▶ _Exercise description_
When you copy the material below, keep every line exact and drop the pictures.

Supplied data below:

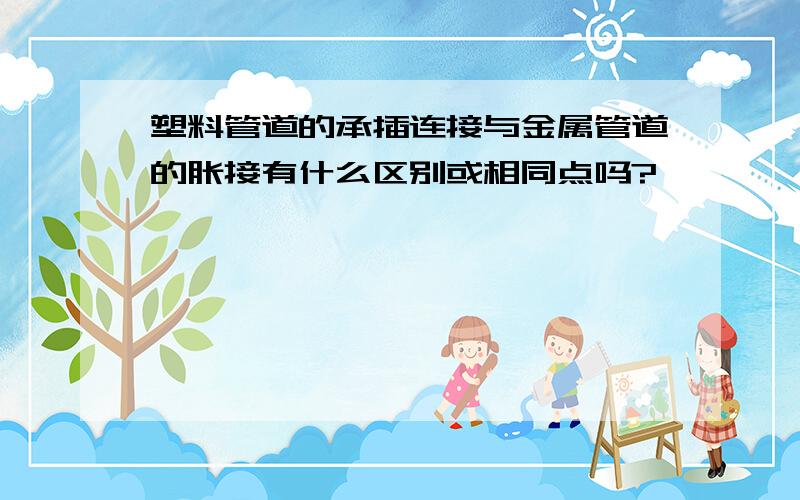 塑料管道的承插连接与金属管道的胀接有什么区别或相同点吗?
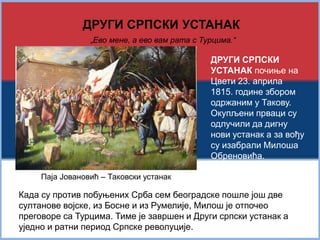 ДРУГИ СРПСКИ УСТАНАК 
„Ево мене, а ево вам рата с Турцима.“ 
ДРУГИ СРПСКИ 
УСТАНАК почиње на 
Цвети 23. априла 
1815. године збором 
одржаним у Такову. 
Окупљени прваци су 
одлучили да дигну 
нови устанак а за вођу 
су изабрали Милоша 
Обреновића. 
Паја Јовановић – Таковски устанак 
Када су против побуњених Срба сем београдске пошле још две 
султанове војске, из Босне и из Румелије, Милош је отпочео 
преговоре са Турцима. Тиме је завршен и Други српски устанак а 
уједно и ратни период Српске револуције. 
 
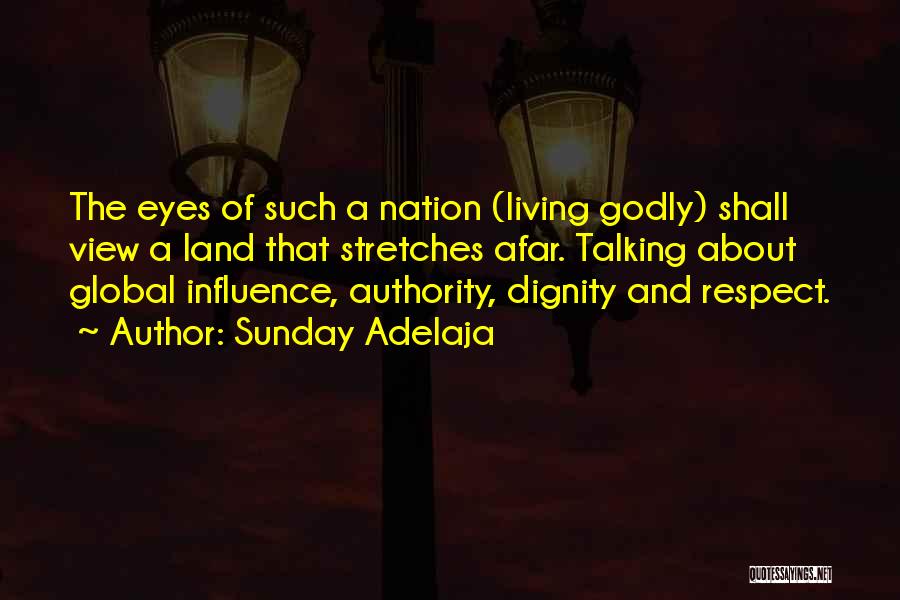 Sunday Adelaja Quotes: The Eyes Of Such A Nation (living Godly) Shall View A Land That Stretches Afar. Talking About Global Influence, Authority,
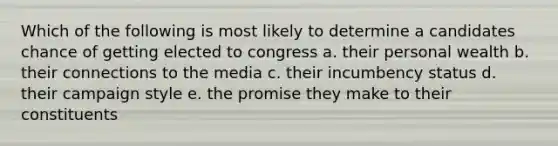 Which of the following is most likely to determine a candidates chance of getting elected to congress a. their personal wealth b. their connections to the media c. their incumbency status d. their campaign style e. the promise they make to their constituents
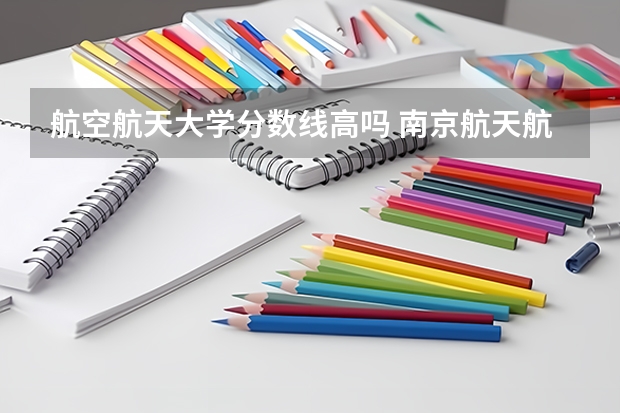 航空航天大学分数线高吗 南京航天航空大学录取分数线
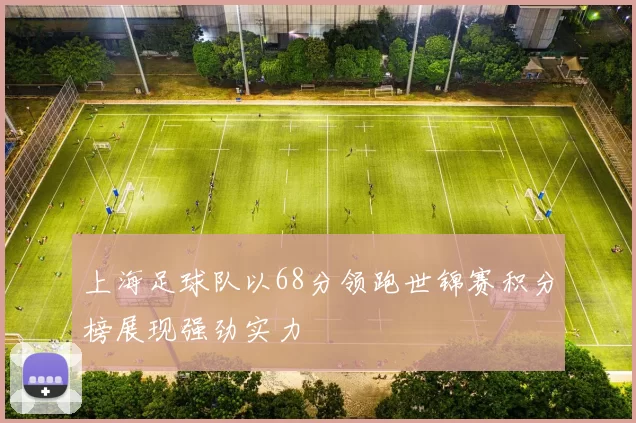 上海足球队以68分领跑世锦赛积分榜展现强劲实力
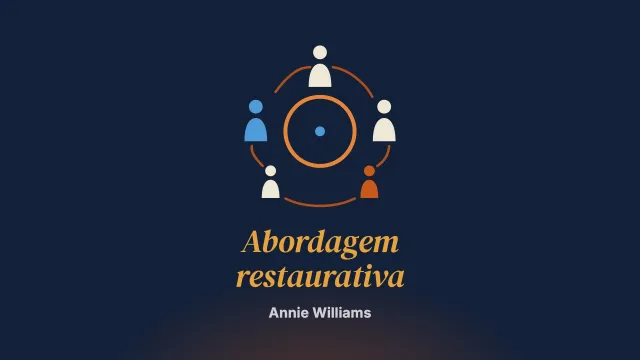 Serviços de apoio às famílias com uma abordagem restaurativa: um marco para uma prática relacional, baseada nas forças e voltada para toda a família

End of Supplied data.

▶ _Solution to the problem_
 塑料管道的承插连接与金属管道的胀接有什么区别或相同点吗?
 ДРУГИ СРПСКИ УСТАНАК 
„Ево мене, а ево вам рата с Турцима.“ 
ДРУГИ СРПСКИ 
УСТАНАК почиње на 
Цвети 23. априла 
1815. године збором 
одржаним у Такову. 
Окупљени прваци су 
одлучили да дигну 
нови устанак а за вођу 
су изабрали Милоша 
Обреновића. 
Паја Јовановић – Таковски устанак 
Када су против побуњених Срба сем београдске пошле још две 
султанове војске, из Босне и из Румелије, Милош је отпочео 
преговоре са Турцима. Тиме је завршен и Други српски устанак а 
уједно и ратни период Српске револуције. 
 
 Sunday Adelaja Quotes: The Eyes Of Such A Nation (living Godly) Shall View A Land That Stretches Afar. Talking About Global Influence, Authority,
 Which of the following is most likely to determine a candidates chance of getting elected to congress a. their personal wealth b. their connections to the media c. their incumbency status d. their campaign style e. the promise they make to their constituents
 航空航天大学分数线高吗 南京航天航空大学录取分数线
 上海足球队以68分领跑世锦赛积分榜展现强劲实力
 Serviços de apoio às famílias com uma abordagem restaurativa: um marco para uma prática relacional, baseada nas forças e voltada para toda a família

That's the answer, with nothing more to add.